Although the records contain pictures, none belong in the copy: restate word for word only the lines from the one with "Roasting table |" through the one with "Malin Fromme: Update", both included.

# # #

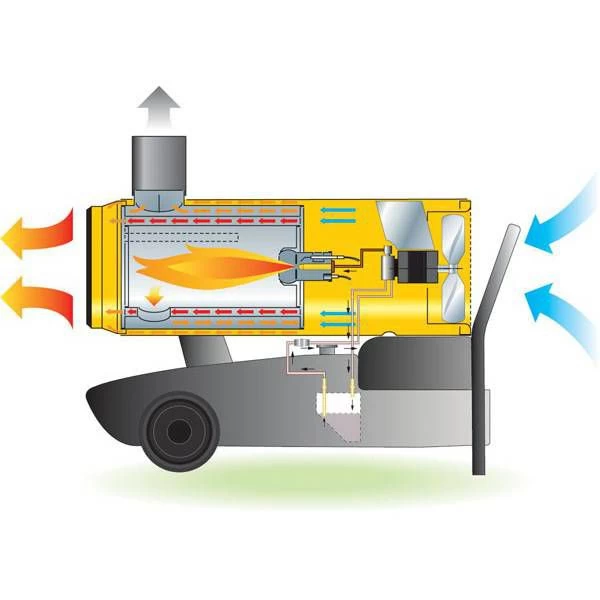 Diesel heater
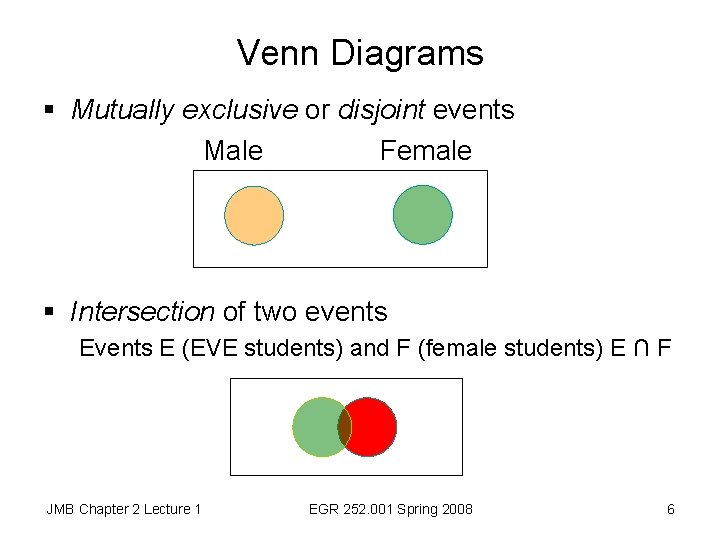 Venn Diagrams § Mutually exclusive or disjoint events Male Female § Intersection of two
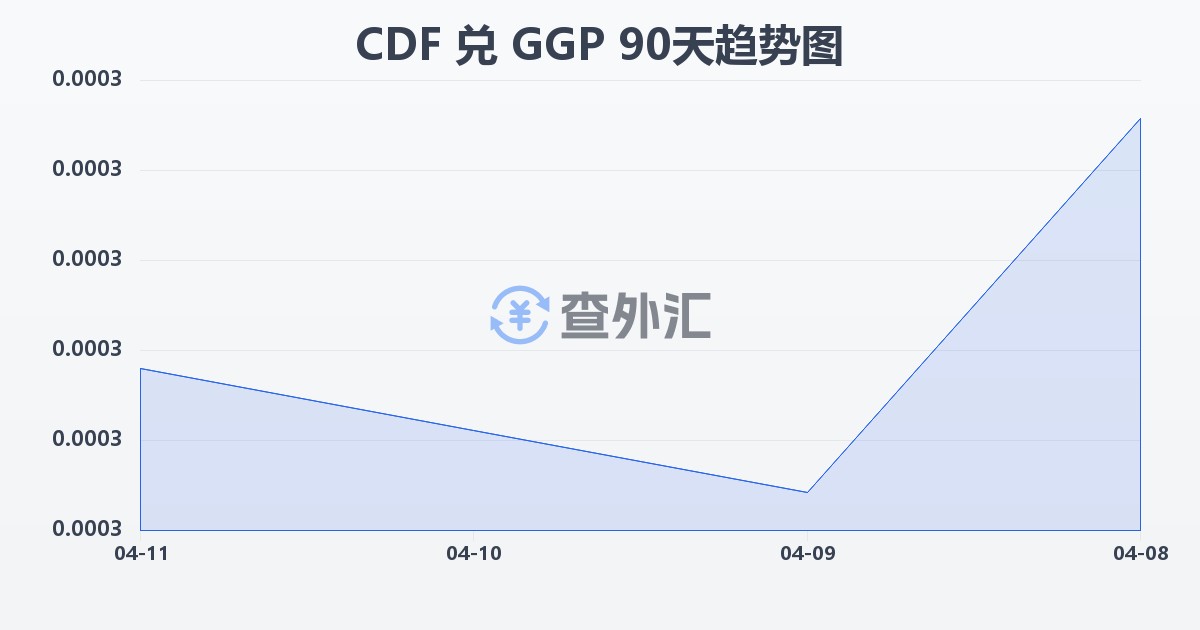 刚果法郎兑根西岛镑(CDF/GGP)近90天汇率走势图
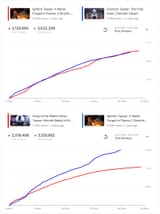 Viewstats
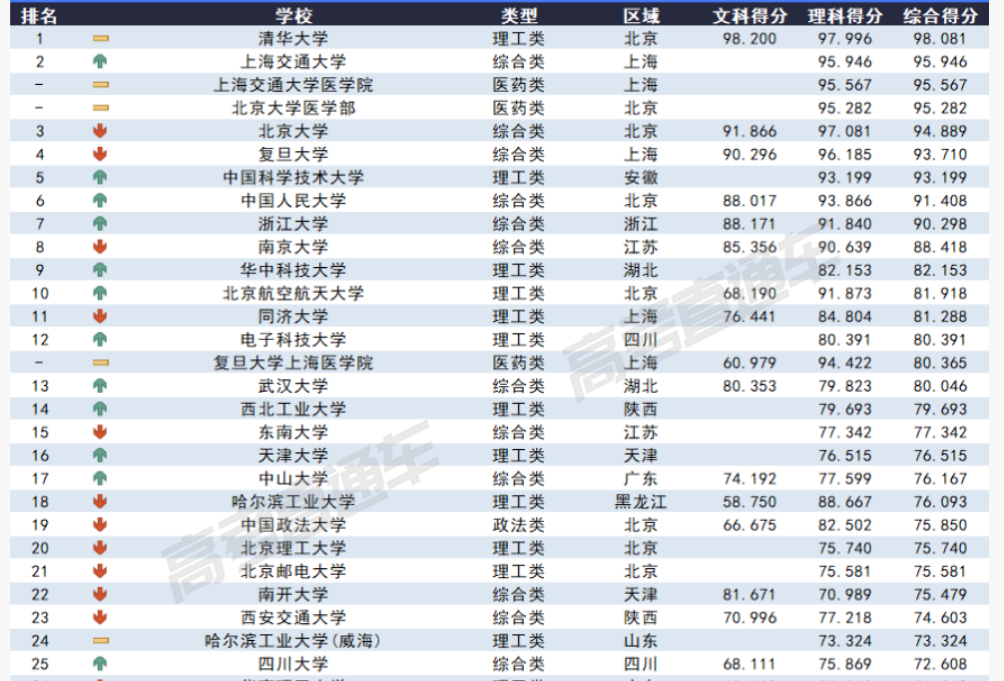 2023各大学在青海录取难度预测排行榜最新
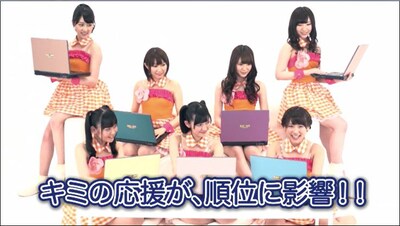 ネクソン「カートライダー」テレビCMより。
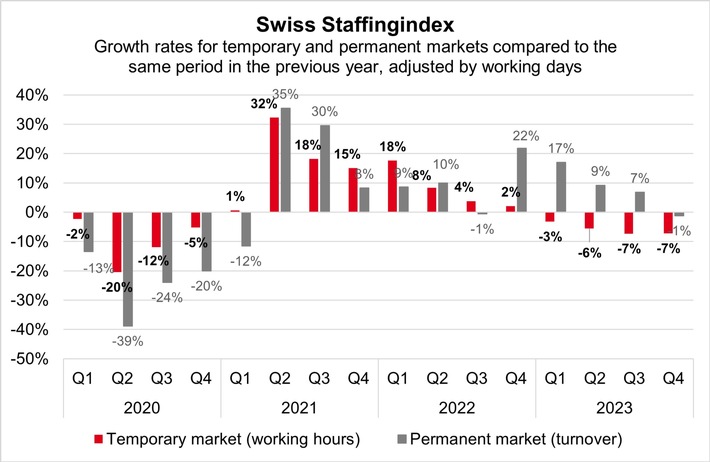 Swiss Staffingindex: a mixed year for staff leasing companies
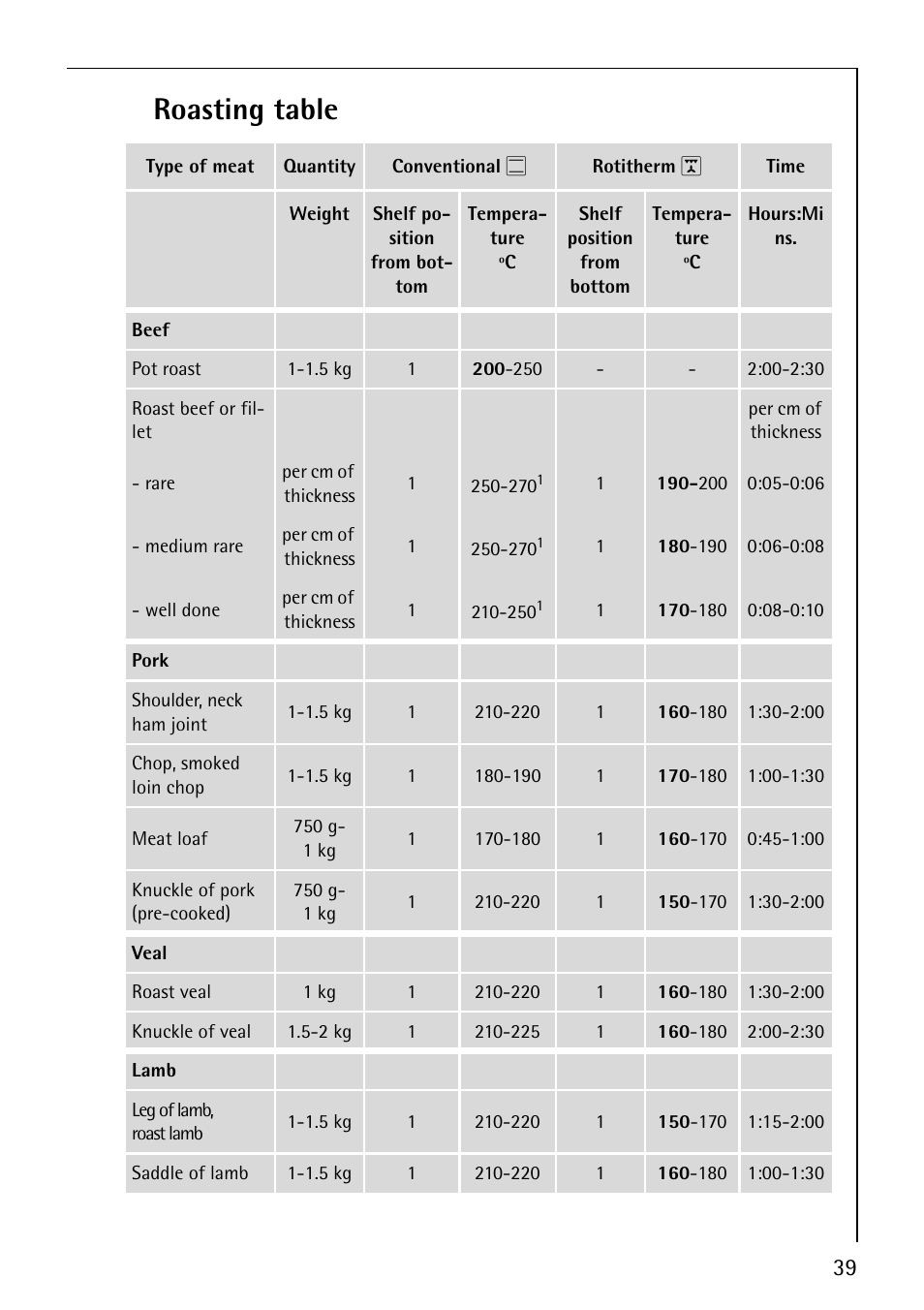 Roasting table | AEG COMPETENCE E4130-1 User Manual | Page 39 / 56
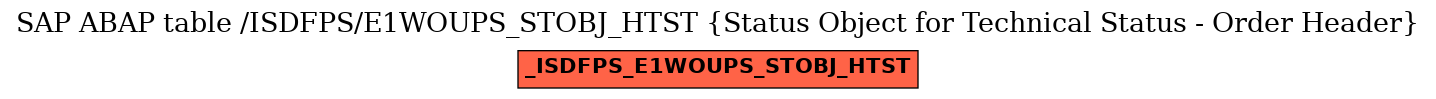E-R Diagram for table /ISDFPS/E1WOUPS_STOBJ_HTST (Status Object for Technical Status - Order Header)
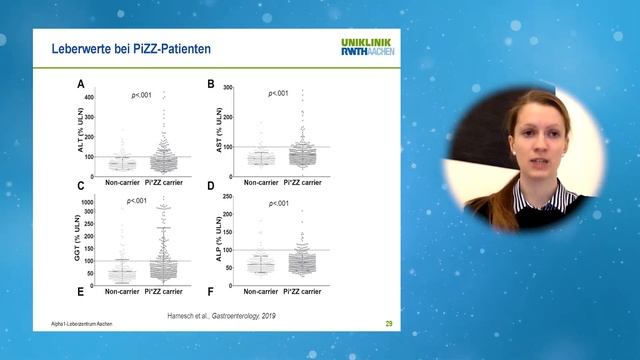 Malin Fromme: Update zur Leberbeteiligung bei Alpha1-Antitrypsin-Mangel смотреть онлайн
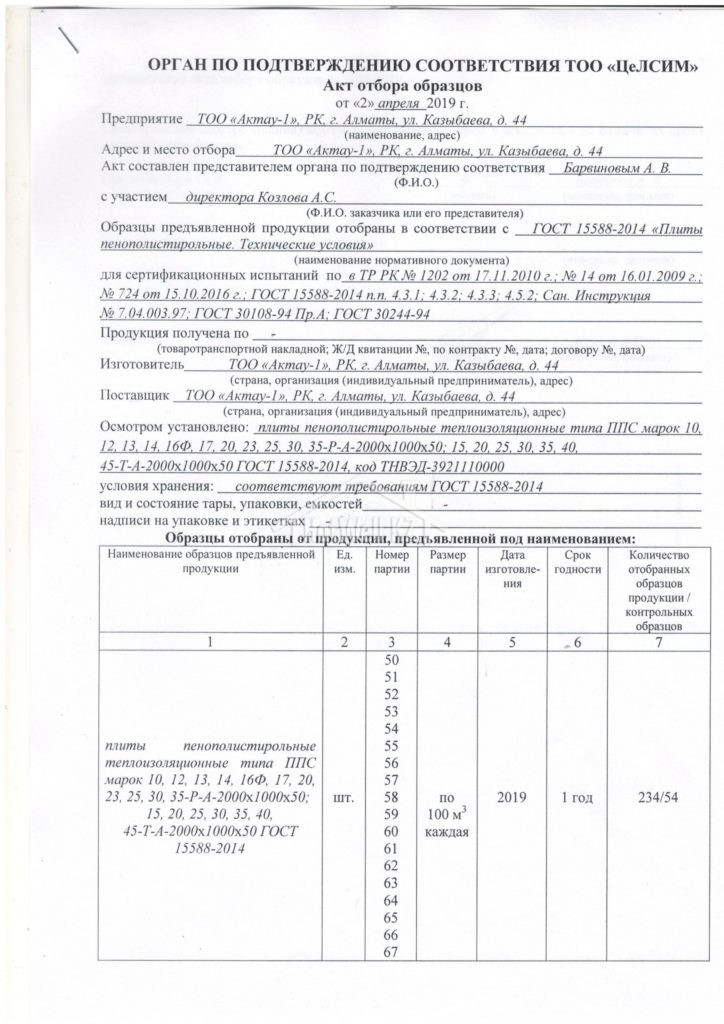 Акт отбора образцов СИП панелей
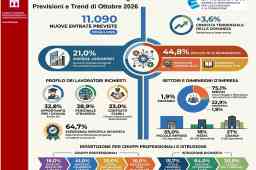 SCOPRI LE PROFESSIONI RICHIESTE DALLE IMPRESE TRA OTTOBRE E DICEMBRE SCOPRI LE PROFESSIONI RICHIESTE DALLE IMPRESE TRA OTTOBRE E DICEMBRE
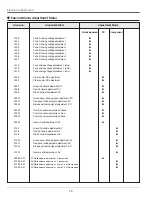 Preview for 72 page of Sanyo PLV-HD10 Service Manual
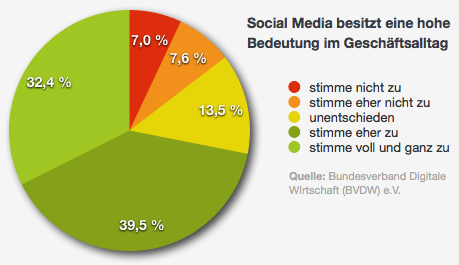 Social Media Marketing (SMM)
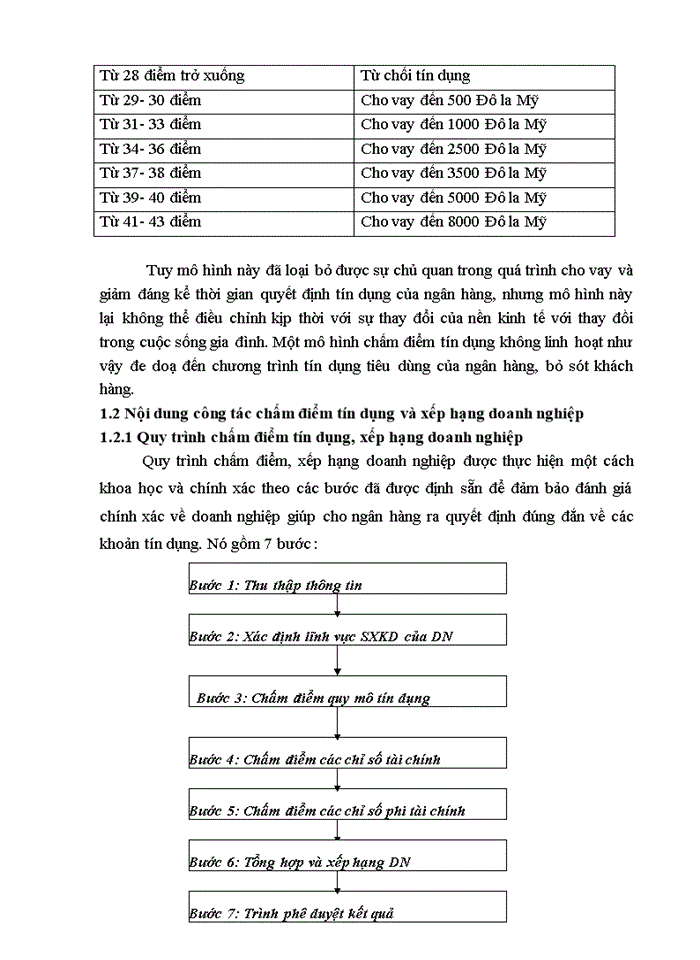 image for page Hoàn thiện chấm điểm tín dụng và xếp hạng doanh nghiệp tại Ngân hàng Thương mại Cổ phần vpbank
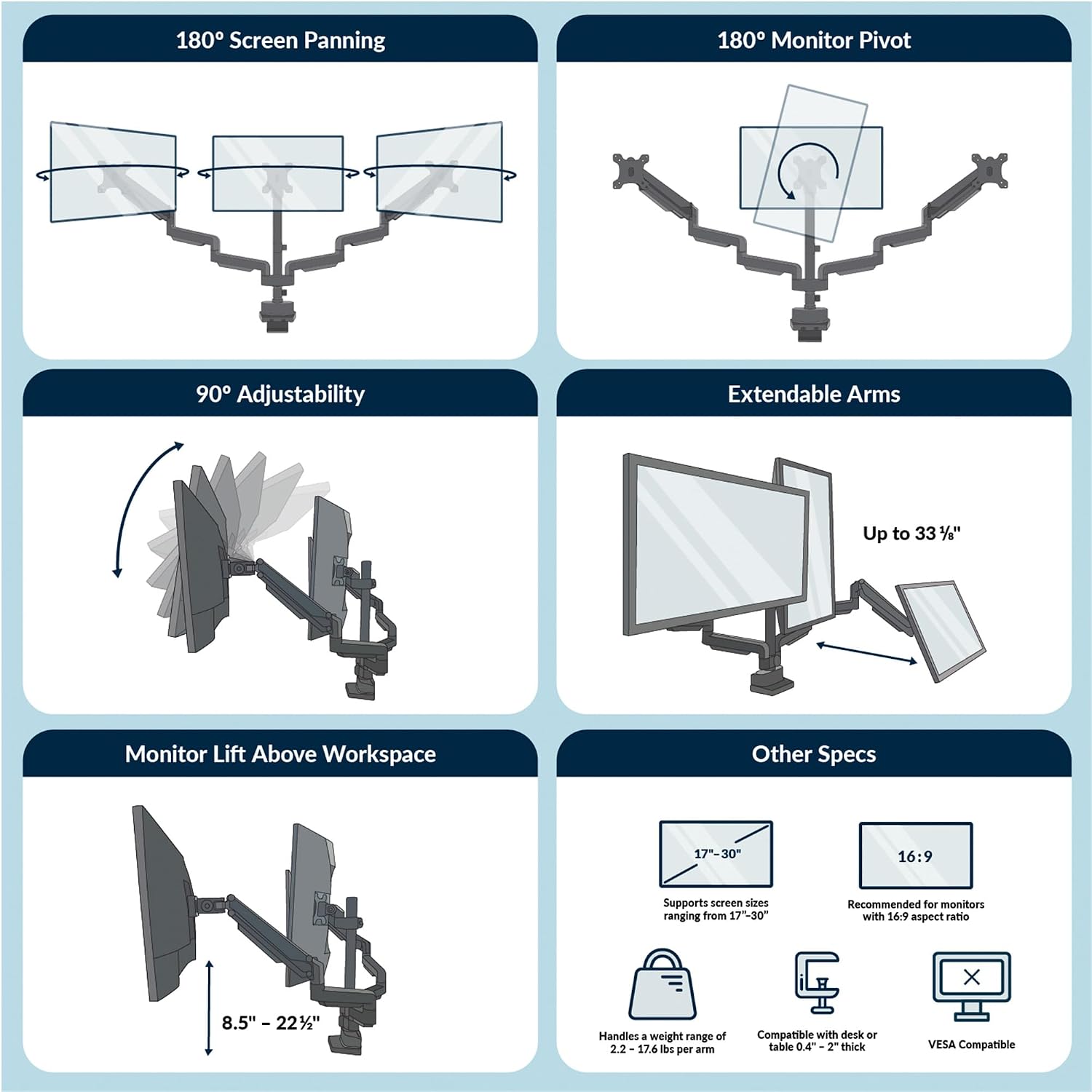 Vari Triple Monitor Arm - VariDesk 3 Computer Monitor Mount Accessory - VESA Compatible Stand with 180 Degree Adjustment - Heavy Duty Articulating Arm - Black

# # #

> WRITTEN REPLY:
 Roasting table | AEG COMPETENCE E4130-1 User Manual | Page 39 / 56
E-R Diagram for table /ISDFPS/E1WOUPS_STOBJ_HTST (Status Object for Technical Status - Order Header)
 Malin Fromme: Update zur Leberbeteiligung bei Alpha1-Antitrypsin-Mangel смотреть онлайн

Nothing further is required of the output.